Defendant, Dr. Jackie R. See ("See"), by his attorney, Randall L. Hite, Esq., moves before this Court for an order under FRCP 52(c) for Judgment in favor of Defendant Dr. Jackie R. See and against the claims of RK Company, which is a renewal of the motion made during the trial of this matter.

In support of this motion, See states as follows:

1. The parties to this action consented to trial before this Court on July 19, 2005.

2. This matter was tried before the Court commencing on December 4, 2006. During the trial, See moved for Judgment pursuant to FRCP 52(c) on the grounds that Plaintiff RK Company, an Illinois Corporation was not a proper party to this action, as the investment had been made by "RK Company, a Common Law Trust" and further, as testified to by Robert Krilich, Sr., was just a "dba" for him personally.

3. The party which invested in Defendant Harvard Scientific Corp. ("HSC) is not the party as alleged in the complaint. All relevant pleadings in this action reference RK Company as a corporation formed under the laws of the State of Illinois and authorized to conduct business in the state.

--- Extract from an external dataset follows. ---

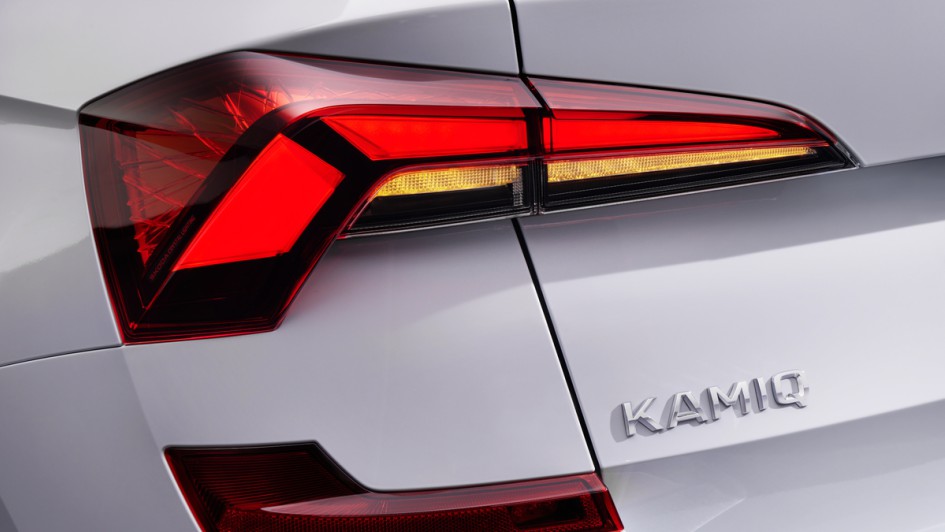 Skoda Kamiq Facelift Detailaufnahme von der Rueckleuchte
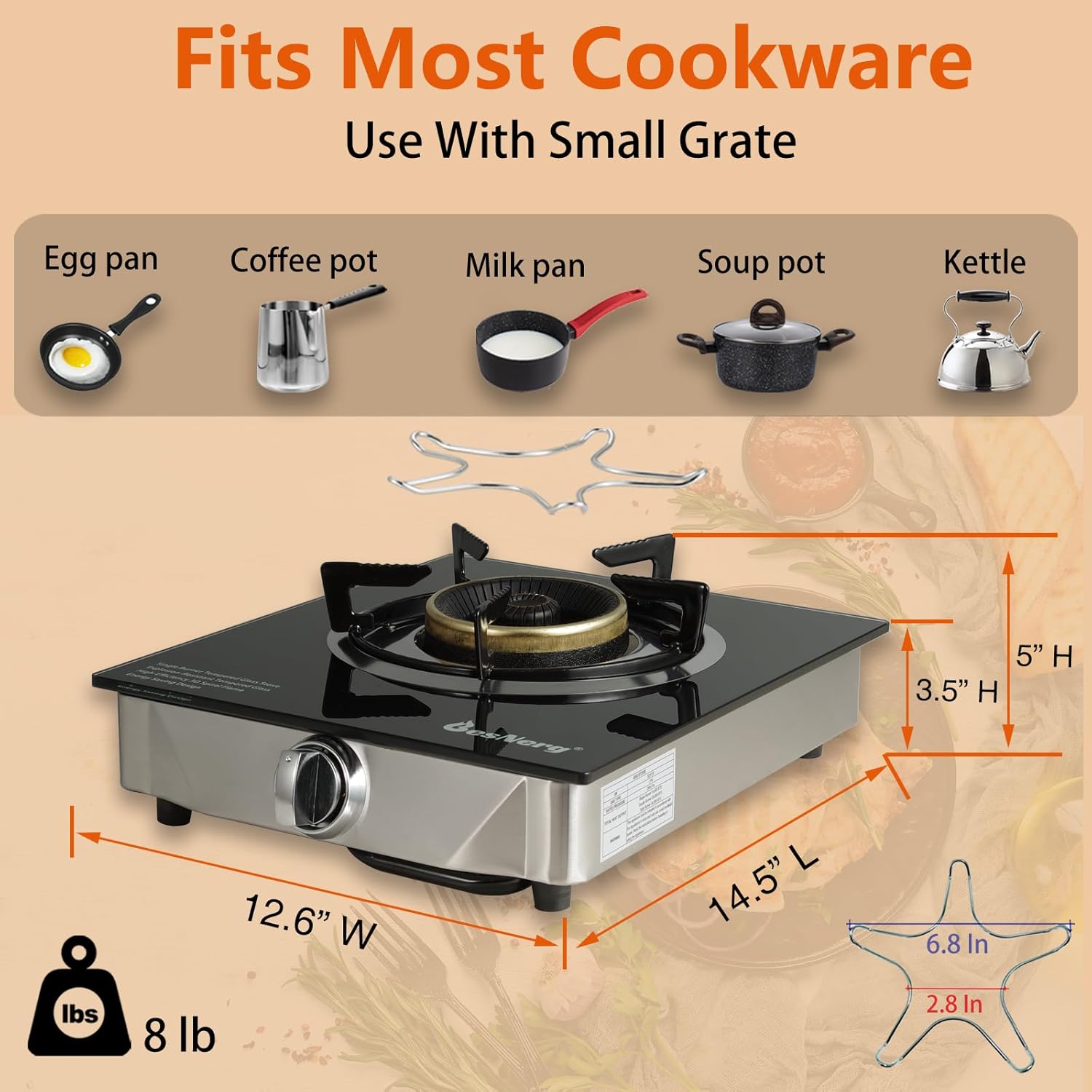 1 Burner Propane Gas Stove with Auto Ignition, 14500 BTU High-Efficiency Heavy-Duty Tempered Glass Cooktop, CSA Regulator & Hose Included, for Outdoor Camping Emergency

4. At the time of trial, Plaintiff's proffered no contrary evidence that the named Plaintiff, RK Company, alleged in the operative complaint and throughout the pleadings in this action, to be an Illinois domestic corporation, was the party which invested in HSC. Rather, the uncontroverted evidence established that RK Company is either a "common law trust" or simply a fictitious business name for Robert Krilich, Sr, an individual, but it is not the separate legal entity of RK Company, and Illinois corporation, who is the named Plaintiff in this action. The Court is requested to take Judicial Notice of the pleadings filed in this action reciting that RK Company is an Illinois Corporation.

5. When Plaintiff originally moved this Court for an order under Rule 52(c), Defendants objected contending that capacity to sue had not been timely raised. As discussed below, no time limit exists in which to raise the capacity of a party to sue or maintain an action and Defendant made a timely motion under Rule 52(c) which is hereby renewed.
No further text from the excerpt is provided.